Cinéma, à travers champs
On aimerait, dans cette introduction au dossier d’une revue de « cinéma » qui se positionne « à travers champs », reposer à partir de l’exemple emblématique d’Anna Sanders Films la question de l’interaction entre le cinéma et l’art contemporain. Actuellement, une tendance à affirmer la spécificité d’un espace d’intermédiation entre ces deux pratiques voit le jour : Pascale Cassagnau propose ainsi de ressaisir ces échanges à travers la catégorie de « troisième cinéma »1 (sur le mode de la double négation : « ni » du cinéma expérimental « ni » de l’art vidéo, « ni » des films d’art et essai « ni » des installations) – catégorie, ne l’oublions pas, qui est de fait inextricablement liée à la mouvance politique du cinéma du tiers-monde ou, plus précisément, du tiers-cinéma des années 1960-19702. Afin d’éviter toute équivoque, précisons encore que l’on utilise ici le terme de « spécificité » dans une optique historiographique, en pensant plus particulièrement à son application dans le contexte du cinéma : c’est-à-dire en tant qu’affirmation d’une identité inaliénable qui procède paradoxalement par comparaison, différenciation et opposition avec d’autres moyens d’expression (les arts déjà constitués, en ce qui concerne le cinéma)3. Cette contradiction dans les termes (le « troisième cinéma » se constituant en un « champ spécifique ») est bien explicitée par la notion d’entre-deux (« in-between »4 : entre le cinéma et l’art contemporain) qui marque l’ambivalence ou l’impureté de cette intermédiation : la gageure, pour les plasticiens contemporains, consiste à parasiter, contaminer, court-circuiter les règles de l’art à travers les contraintes et les conventions du cinéma.
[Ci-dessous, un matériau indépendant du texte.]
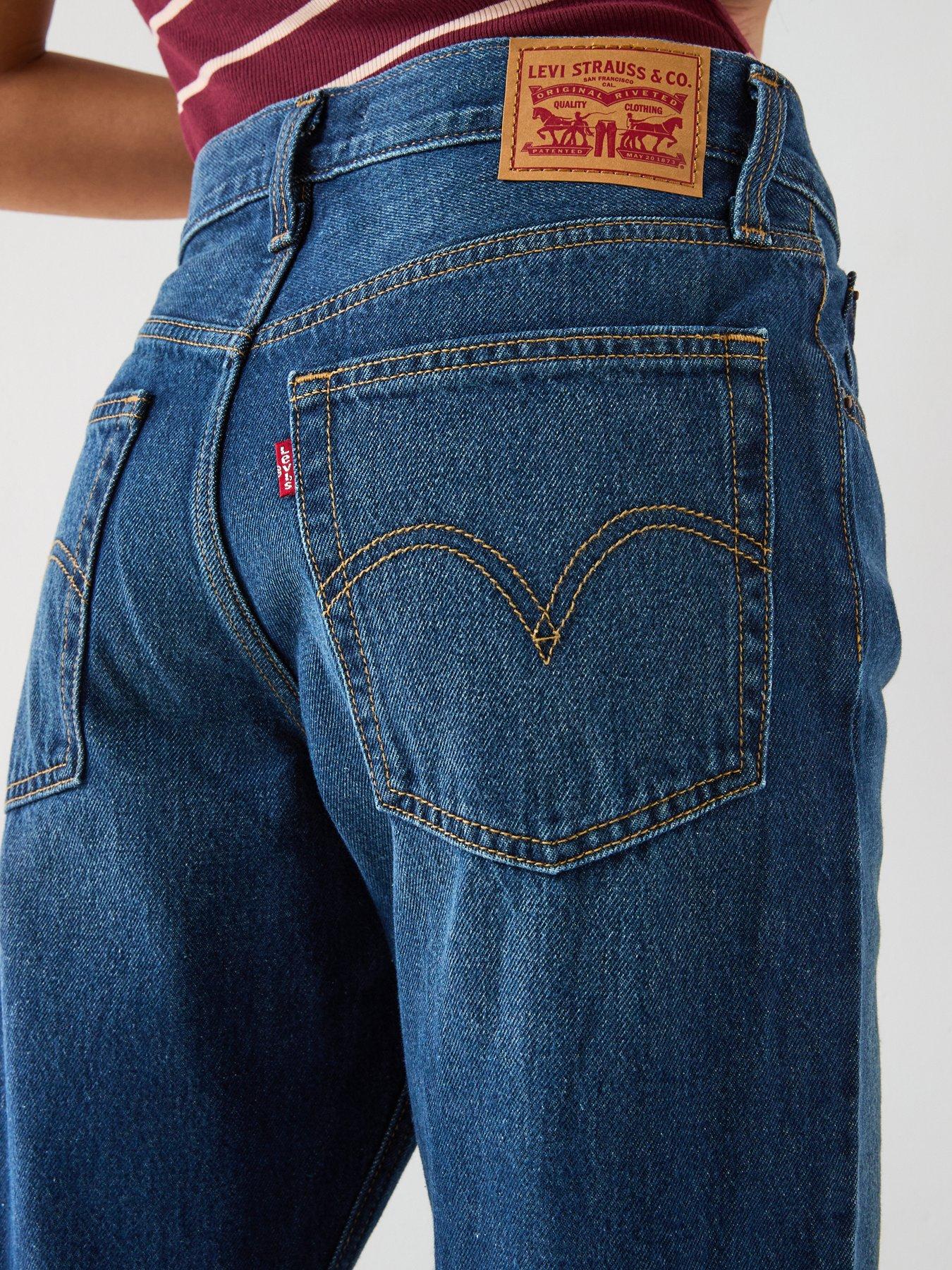 Image 5 of 6 of Levi's Middy Loose Boot Jeans - Blue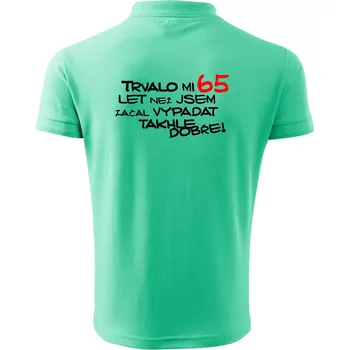 Pánská košile Trvalo mi 65 let než jsem začal vypadat takhle dobře - Polokošile pánská Pique Polo 203 - 4XL ( Mátová )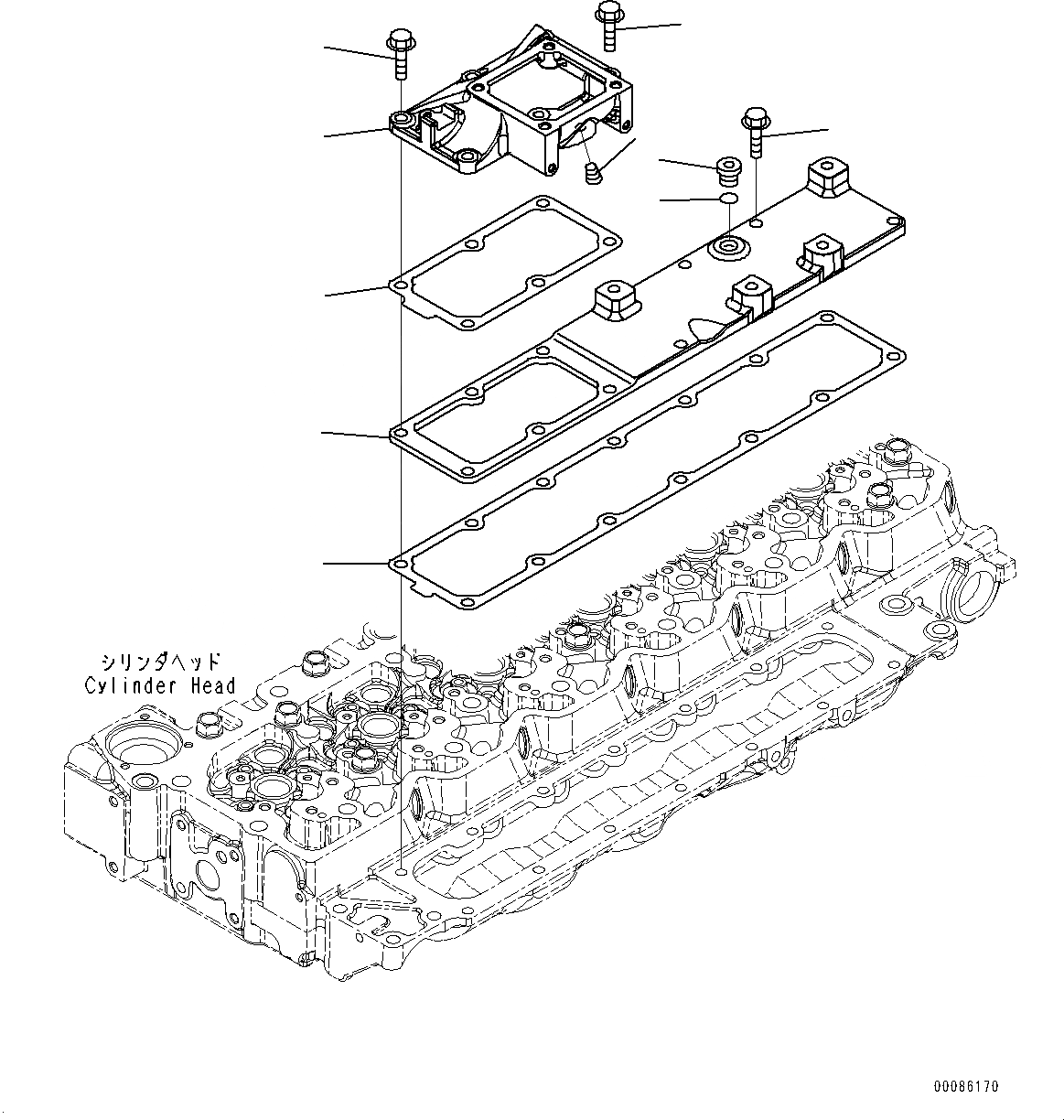 Схема запчастей Komatsu SAA6D140E-5H - ВЫПУСКН. GAS RE-CIRCULATION (EGR) КЛАПАН, ДВИГАТЕЛЬ ПЕРЕДН. ПОДВЕСН. КРОНШТЕЙН (№87-) ВЫПУСКН. GAS RE-CIRCULATION (EGR) КЛАПАН, ДЛЯ LANDFILL APPLICATION СПЕЦ-Я.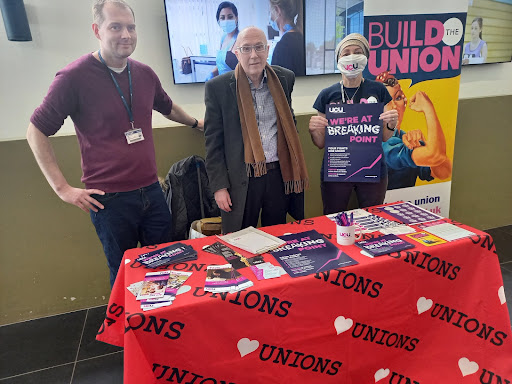 table with committee members on campaign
Ce parasitage, rappelons-le, définit déjà le medium cinématographique, celui-ci se caractérisant dès ses origines par son hybridité, sa pluricodicité et sa transversalité.
Quoi qu’il en soit, on assiste indéniablement, depuis les années 1990, à un mouvement d’assimilation du cinéma par l’art contemporain. Comme le note Daniel Birnbaum à partir de l’œuvre de Pierre Huyghe, les artistes mobilisent couramment non seulement les techniques, les motifs et les procédés formels issus du cinéma, mais encore ses modalités de production collective et industrielle :
« Comme beaucoup d’artistes qui ont émergé durant les années 1990 […], Huyghe a examiné les aspects technologiques ainsi qu’idéologiques du cinéma en tant qu’exemple paradigmatique de la culture du spectacle d’aujourd’hui. […] Il a utilisé des scénarios, des bandes originales et des sous-titres comme points de départ dans ses différents projets, tout en s’intéressant au doublage, à la traduction, au remake. […] Récemment, les appropriations en sont arrivées à un point où l’on peut se demander quel sens cela a, qu’une forme artistique (l’installation vidéo, par exemple) en cannibalise une autre (le cinéma). Aucun doute, l’installation vidéo en multiprojection introduit de nouvelles formes de récit et de participation du spectateur. Tout de même, pourquoi piller le cinéma ? Peut-être que la réponse est que la vidéo pose des questions au cinéma que le cinéma est incapable de se poser à lui-même. C’est exactement ce que fait L’ellipse, par exemple, quand Huyghe nous fait prendre conscience de la fonction de la coupure en insérant la distance et le temps réels pour se rendre d’un point de l’histoire à un autre. »5
Ce phénomène d’assimilation du cinéma par les artistes contemporains apparaît avec une rare évidence depuis le début des années 1990, mais il s’inscrit néanmoins dans une histoire déjà ancienne d’interaction entre ces deux champs de production culturelle, qui a connu différentes actualisations et configurations de sens. À cet égard, on peut sommairement distinguer deux principales modalités -d’échanges, que l’on se propose de ressaisir à travers la catégorie du « film d’artistes »6, qui remonte aux années 1920, et celle du « cinéma de l’exposition »7, que l’on peut arbitrairement identifier à un phénomène relativement récent d’absorption du cinéma par les espaces d’art (c’est en effet le lieu de rappeler ici que le cinéma a été « exposé », sous une forme élargie, dès l’Exposition universelle de Paris, en 19008). Par ailleurs, comme le remarque Chris Darke9, le dispositif de la salle obscure lui-même peut être considéré comme une modalité d’exposition d’images en mouvement qui s’est normalisée et institutionnalisée avec le temps : le retour sur la « boîte noire » de la part d’un groupe d’artistes comme Anna Sanders permet d’interroger, de dénaturaliser et de déplacer la projection cinématographique et son espace public.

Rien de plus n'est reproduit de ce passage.